» EXERCISE DIRECTIONS
With the pictures left out, transcribe exactly the lines from the one with "347 Kinne Brook" through the end of the data.

------------------------------------

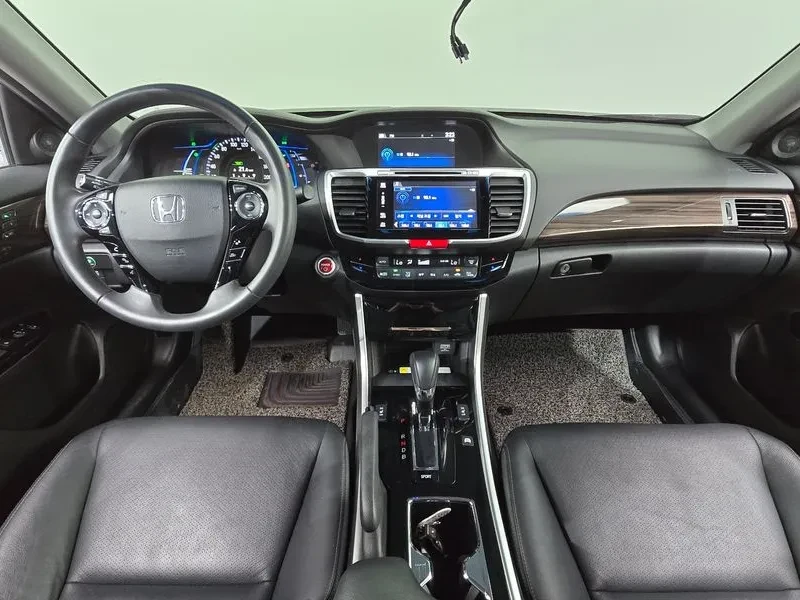 Honda Accord 2.0 Hybrid 9Th Generation, снимка 7 - Автомобили и джипове - 55841504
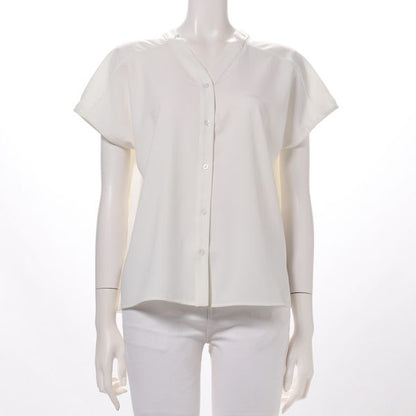 ネックラインデザイン前開きブラウス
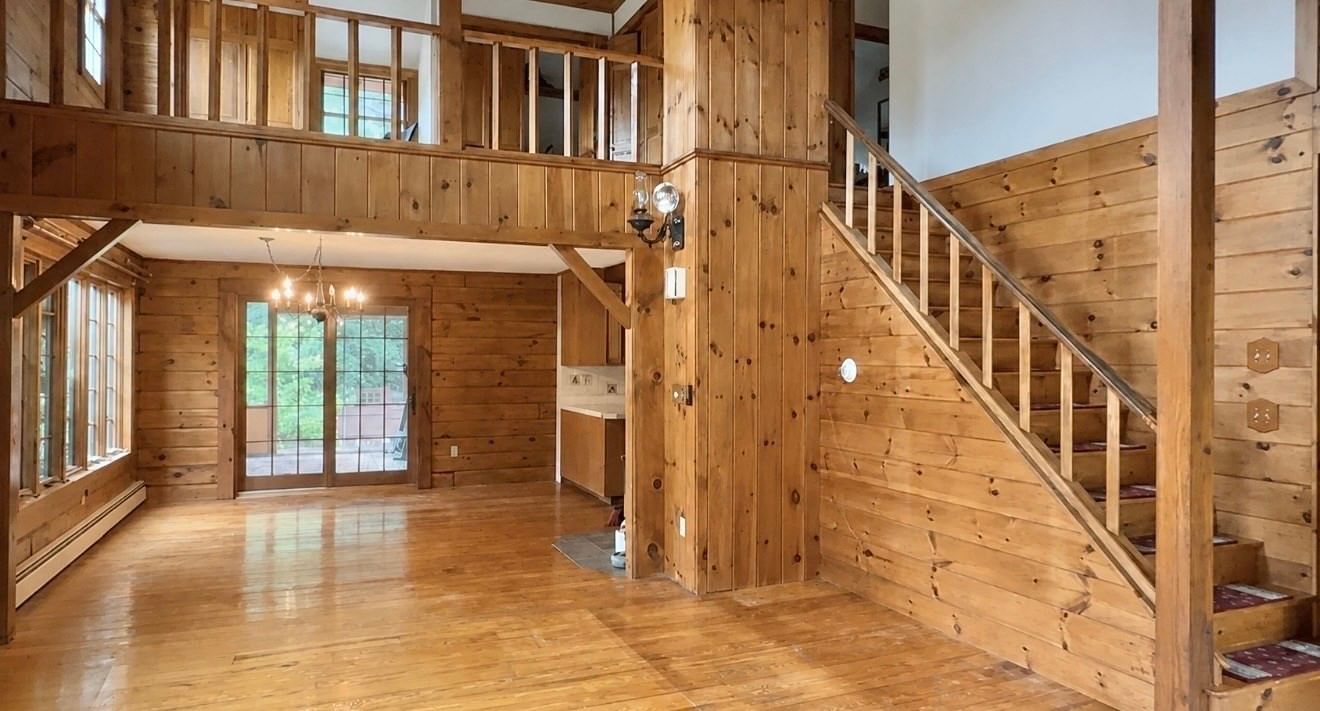 347 Kinne Brook Rd Worthington — Photo 8 of 39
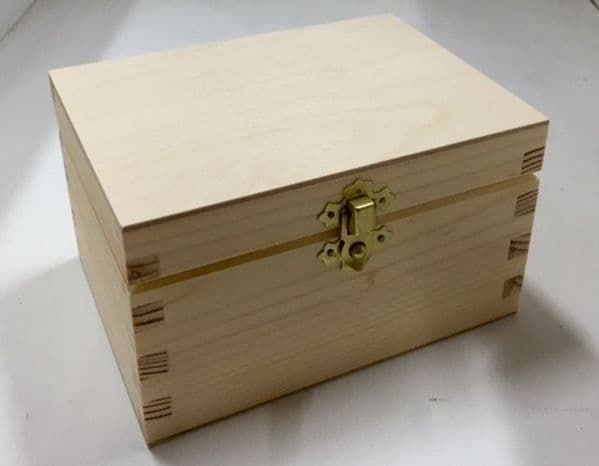 Pine wood box with lid  16x11.5x9.5 CM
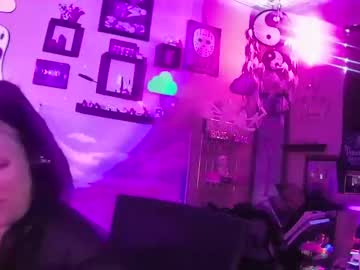 [22-08-22] cristalcloudz video from Chaturbate.com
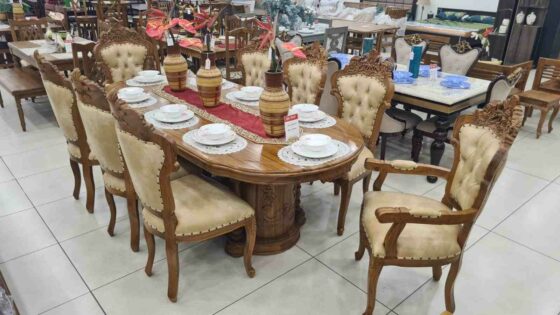 Ganesha_Teak_Wood_Dining_Set_With_6_Chairs_and2_Arm_Chairs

------------------------------------

» ANSWER BOX
 347 Kinne Brook Rd Worthington — Photo 8 of 39
 Pine wood box with lid  16x11.5x9.5 CM
 [22-08-22] cristalcloudz video from Chaturbate.com
 Ganesha_Teak_Wood_Dining_Set_With_6_Chairs_and2_Arm_Chairs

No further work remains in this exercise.